---- Records provided

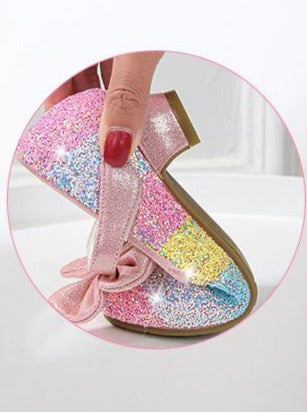 Girls Glitter Bowed Princess Shoes By Liv and Mia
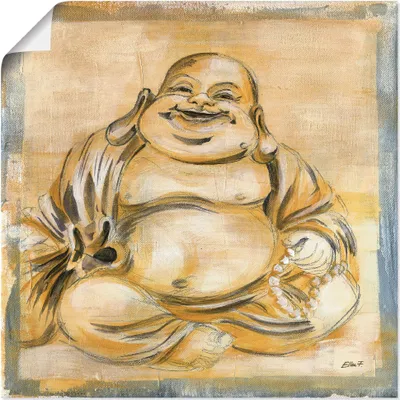 Produktbild von ARTland Poster Fröhlicher Buddha I Größe: 50x50 cm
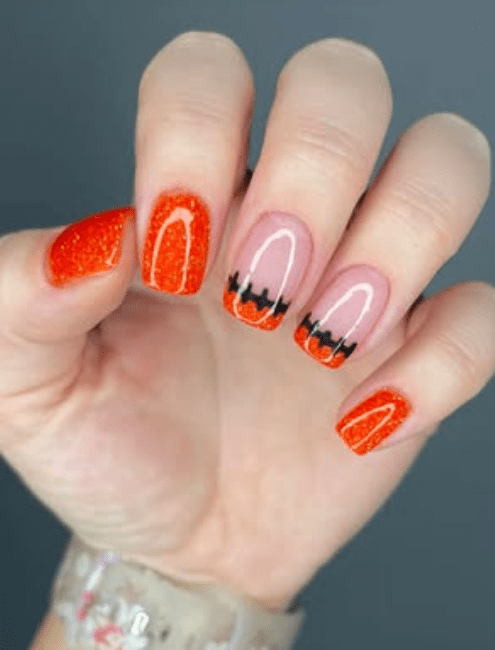 Dip Powder D635 Boo Crew Orange Glitter Dip Powder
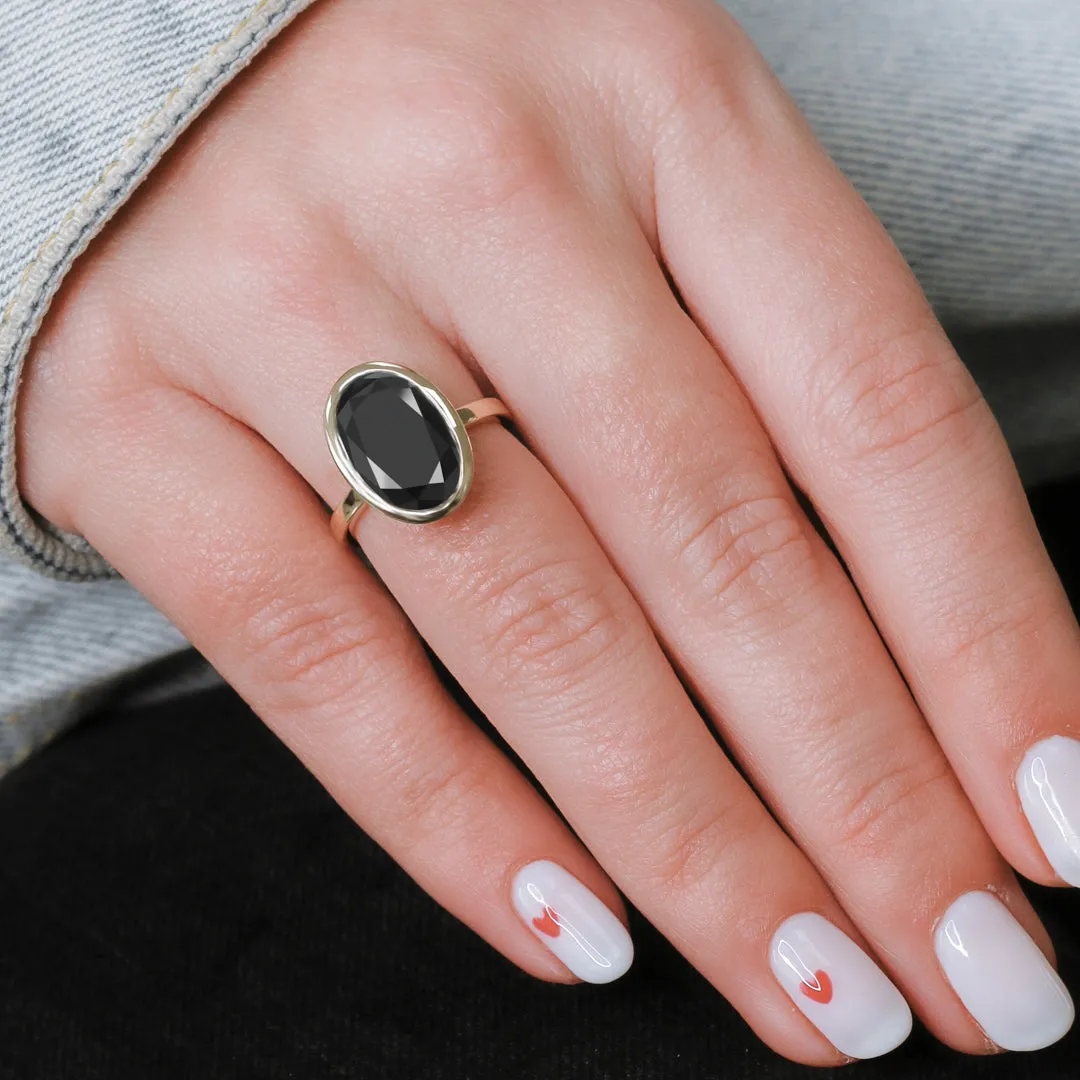 Night Crawler  Bezel  Natural Black Diamond Oval Engagement Ring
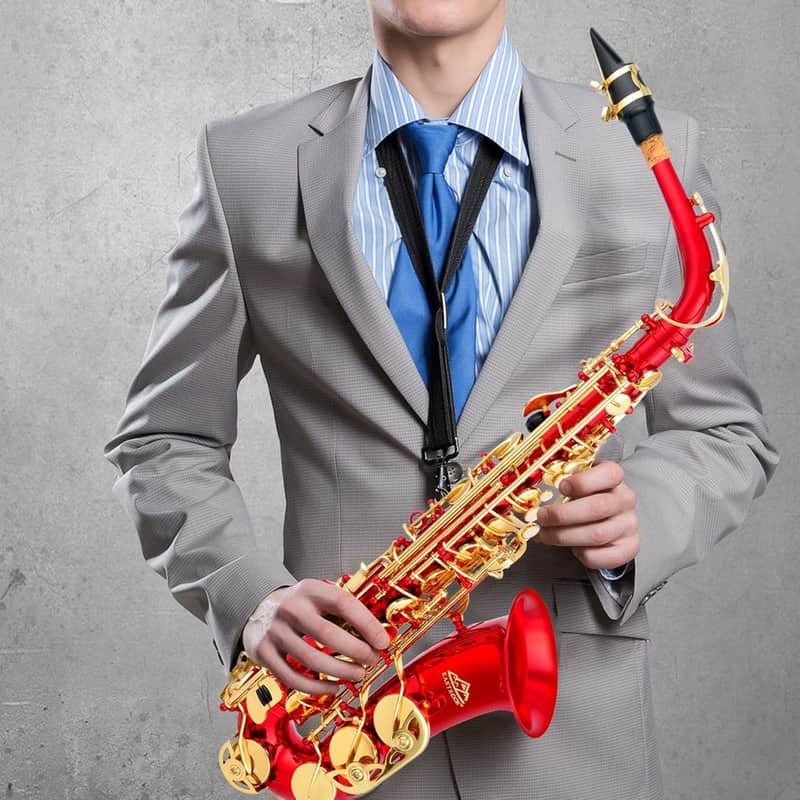 ER Red/Gold E♭ Alto Saxophone – Beginner/Student Full Kit w/ Case, Mouthpiece, Reeds, Cleaning Kit & More image 1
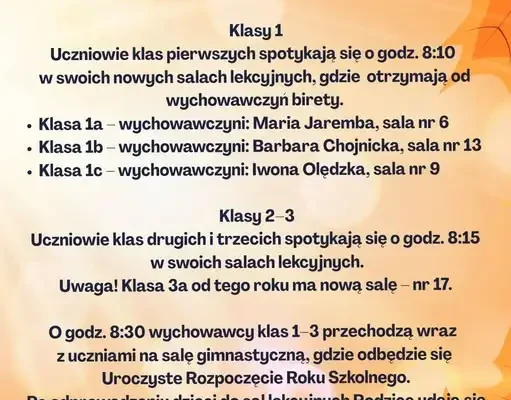 Rozpoczęcie roku szkolnego w SP4 w Wałczu – 1 września 2026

--------

Without including any picture, restate every entry above exactly.

 Girls Glitter Bowed Princess Shoes By Liv and Mia
 Produktbild von ARTland Poster Fröhlicher Buddha I Größe: 50x50 cm
 Dip Powder D635 Boo Crew Orange Glitter Dip Powder
 Night Crawler  Bezel  Natural Black Diamond Oval Engagement Ring
 ER Red/Gold E♭ Alto Saxophone – Beginner/Student Full Kit w/ Case, Mouthpiece, Reeds, Cleaning Kit & More image 1
 Rozpoczęcie roku szkolnego w SP4 w Wałczu – 1 września 2026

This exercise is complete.